I talk to my father often, and among other things we exchange opinions about almost any random topic that happens to occur to either of us. One of the things that Dad persistently comments about is his worry that today's parents, and society in general, are overprotective of children. As one example, he points out that when me and my brothers were kids, we would walk a considerable distance from the house to wait at a bus stop, and we walked alone or with other kids from first grade onward. Now, in the same town, the buses seem to make about 4 times as many stops, so that many kids don't have to walk beyond sight of their house. When they do, there is always one, often more than one, parent who watches over a group of kids until they are picked up (usually a mother, occasionally a father). Are children today (Dad asks) actually in any more danger while walking or waiting at a bus stop than they were when me and my brothers went to catch buses to school 15 or 20 years ago? For that matter, are they in any more danger than they were when my father took a bus to school as a boy some 50 years ago? Or is there just a perception of greater danger because when something bad does happen to a child, it often becomes a big media event and puts the fear of God into parents that something as horrible will happen to their children if they aren't always there to watch over them? I wonder the same things. I also wonder, though, if perhaps the opposite is true - parents in earlier generations were less protective than they should have been because when something bad happened to a child either by deliberate criminal action or tragic accident, people tended to "hush it up" and not talk about it. I was talking with a co-worker yesterday who has two kids, and I mentioned this question. She agreed that parents, including her and her husband, definitely seemed to worry about their kids in more situations and act more protective than in earlier generations. She wasn't sure whether this is due to parents today being overprotective or parents of earlier generations being underprotective, but she did tell me a couple of examples from her own experience of how earlier generations of parents were probably too inclined to cover up or ignore potential dangers rather than address them.

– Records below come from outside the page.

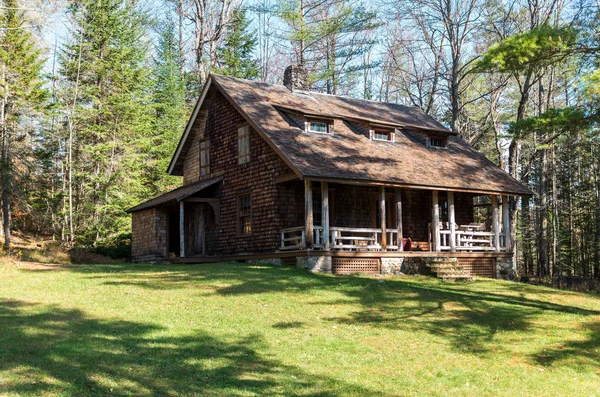 Old farm houses and ruins at the santanoni great camp — Stock Photo, Image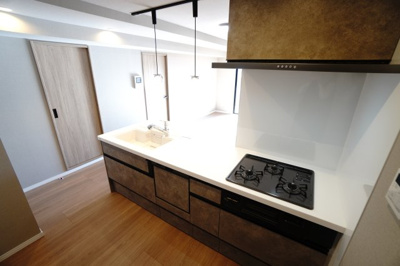 【キッチン】 | 【上質リノベ】Jcity五日市アベニュー | 【キッチンスペース】
キッチン後ろは広さもあり、冷蔵庫やカップボードも余裕で置けそうです。
また、キッチンの照明は、料理が美味しく見えるように、
暖色系のダウンライトに変更されております。
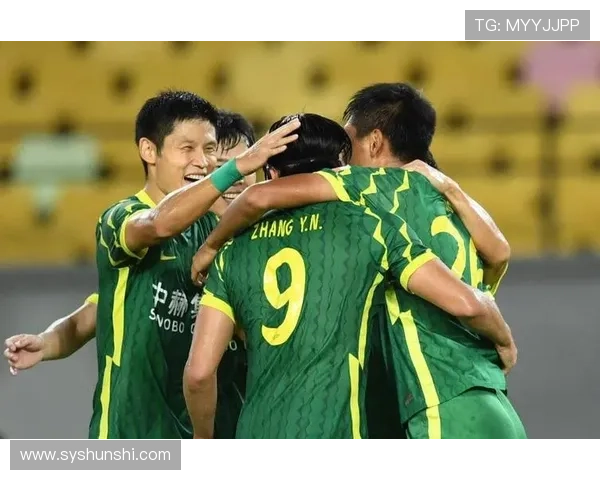 本赛季多支劲旅掀起攻势争夺冠军格局再度生变引发球迷热议风潮中 本赛季多支劲旅掀起攻势争夺冠军格局再度生变引发球迷热议风潮中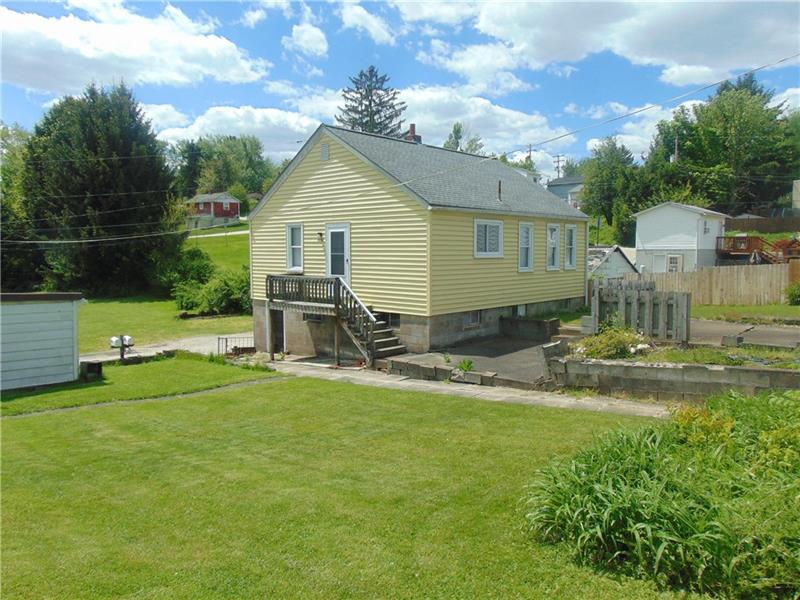 438-440 Thomas School Rd, Hempfield Township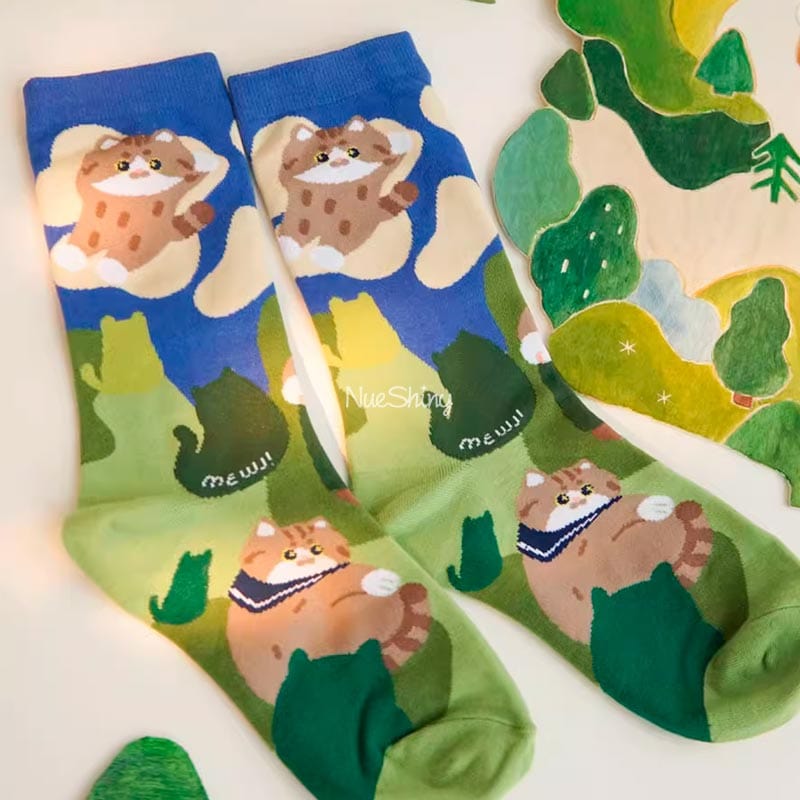 Catty Chic: 3 Pairs of Cat Socks | NueShiny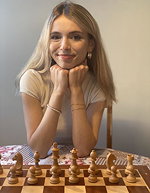 File:Anna Cramling, Chess player in Kungsträdgården,Stockholm 5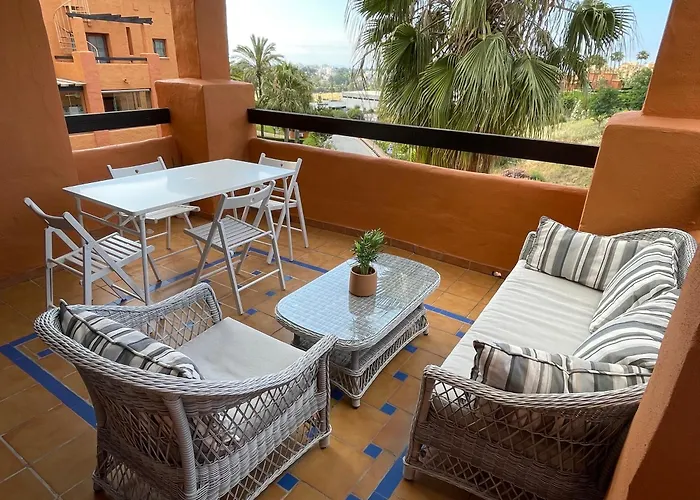 Views Golf Btw Benahavis Marbella & Appartement
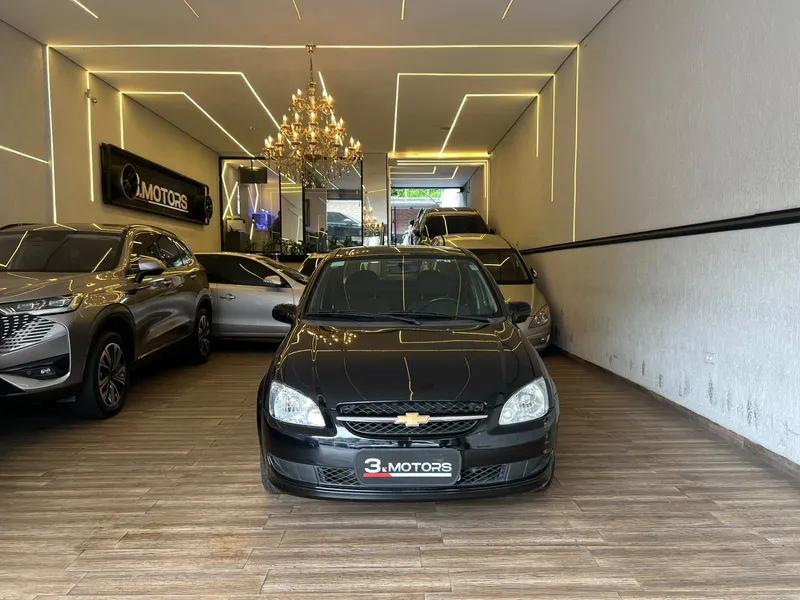 Chevrolet Classic Preto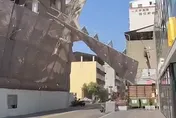 影/當街倒塌片曝光！台中南屯工地鷹架變這樣　殃及摩托車與民宅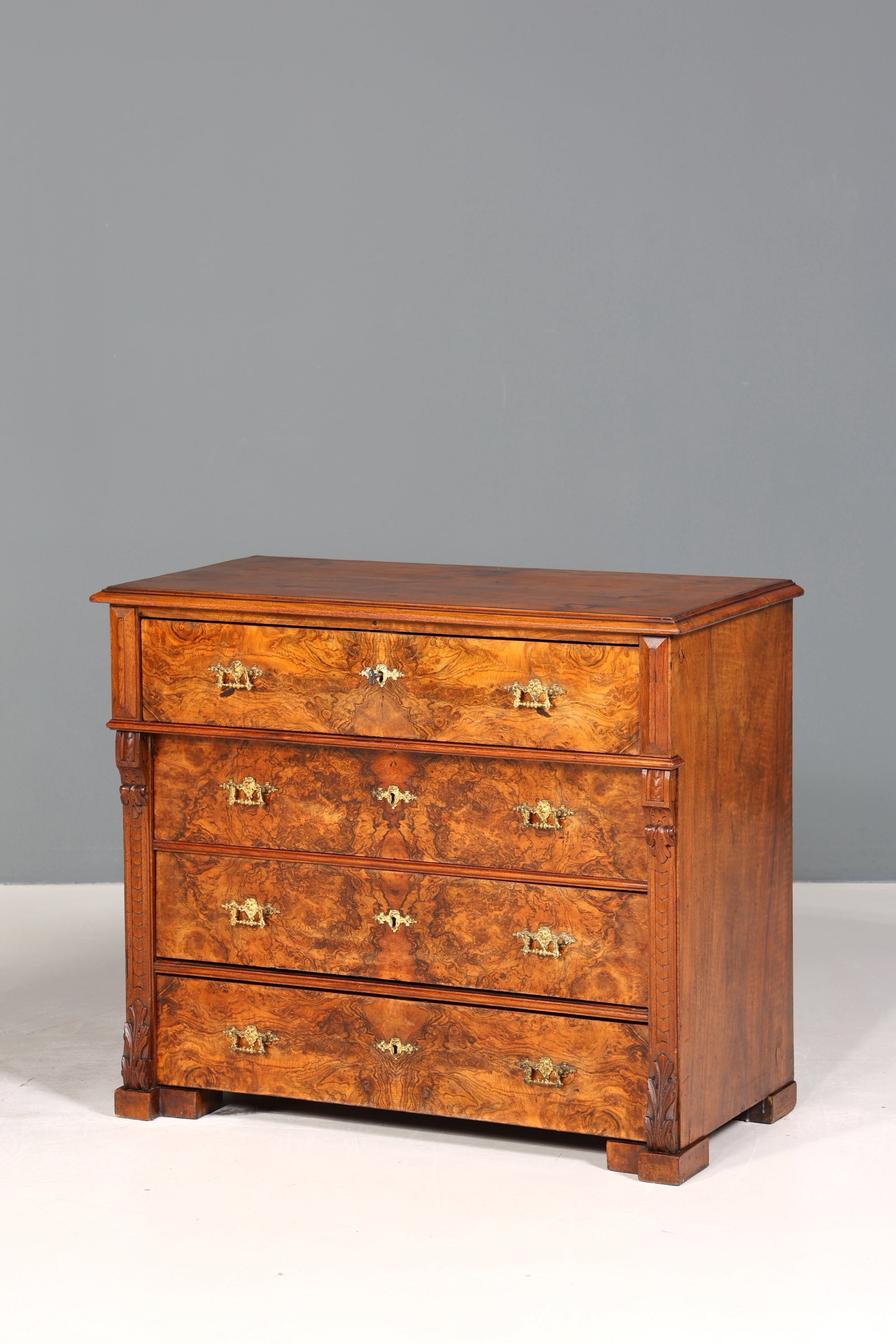 Traumhafte Gründerzeit Kommode Louis Philippe Nussbaum Sideboard um 1880 Antik Schubladenkommode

It's a real conundrum to me. Like a lot of these issues, it raises more questions the more I think about it. Is there a price to being extremely protective of children, and if yes, what is it and is it the increased safety worth the cost? Does being overprotective actually make children much safer, or is it more perception than reality? Is Dad looking at the past with rose-tinted glasses and forgetting about real and serious risks that kids ran in a time when parents felt less need to be watchful, and safety standards for toys and other products were minimal or non-existent? Am I idealizing my childhood in the same way? Is greater protectiveness a general trend throughout most sections of US society, or is it restricted to middle and upper-middle class families in suburban areas, or even just some particular parts of the country? Is this trend effecting other nations and cultures outside the US?
All of these questions and I don't even have any children of my own. This is a classic example of how my brain, perversely, tends to think most about the things do not have any direct practical effect on me. I can worry about how childhood and parenting have changed when I'm neither a parent or a child, but I completely skip worrying about something more relevant, like whether I should start putting money into the 403b plan that my employer offers, or whether the rollover IRA from my previous employer's retirement account still has enough money in it to buy more than a decent meal.